Luigiís Mansion 3 (Switch) review


"Human sacrifice, Toads and Koopas living together, mass hysteria!"


How do you categorize Luigi's Mansion? It's not a platformer, since he can't jump. It's not a survival or horror game despite its setting, since it's not scary or all that difficult. It doesn't really fit as an epic adventure since it's so contained within a small space. It's too slow moving to be an action game, and too much action to be a puzzle game. It just doesn't seem to fit into anything. Ultimately, it doesn't really matter I suppose, but that lack of fit is what drove me to the game to begin with. It's a unique game, and worth checking out just for that.

The basic structure is intuitive enough. The premise is that the Mario crew decided to go on vacation to a fancy hotel, only to discover that it was all a ruse by some ghosts to capture them all. Fortunately, Luigi is smart enough to escape, grab his proton pa... uh, vacuum cleaner/flashlight combo, and can thus go about busting ghosts to save his bro. Unfortunately, this hotel only has one elevator, and the ghosts stole all the buttons on it. So you must clear the hotel, floor by floor, and fight the boss on each floor to grab a new elevator button in order to advance. Of course, this is a Nintendo game, so the "hotel" consists of an absurd number of absurdier-themed floors like an Egyptian floor and a pirate floor and a magic floor, etc. Realism dies in favor of fun, so the basic idea of 15+ themed levels in the game sounds pretty good.
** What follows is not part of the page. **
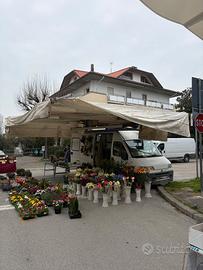 Tenda idraulica elettrica da furgone per mercati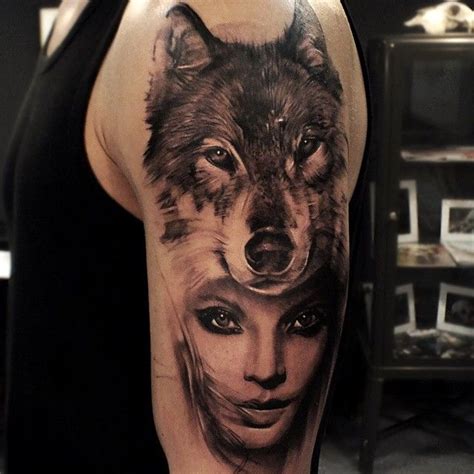 See This Instagram Photo By Glenpreece • 672 Likes Wolf Girl Tattoos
But the way the game plays is completely unique. It's a fixed camera, but with a view like a TV show (with no 4th wall) rather than the typical top-down or isometric view. The fixed camera and hotel setting means there are relatively small rooms, so don't expect fast-paced movement or agility in this game. Instead, it's about fully exploring the confined space around you. With a fixed camera, the right analog stick is to control Luigi's orientation, leading to a duel-analog control. This is because the direction the vacuum cleaner is pointing is critical for how you interact with everything, from being able to pick up the corners of cloth and rip them off stuff to aiming your plunger-gun (a new adaptation to his contraption) to sucking up ghosts.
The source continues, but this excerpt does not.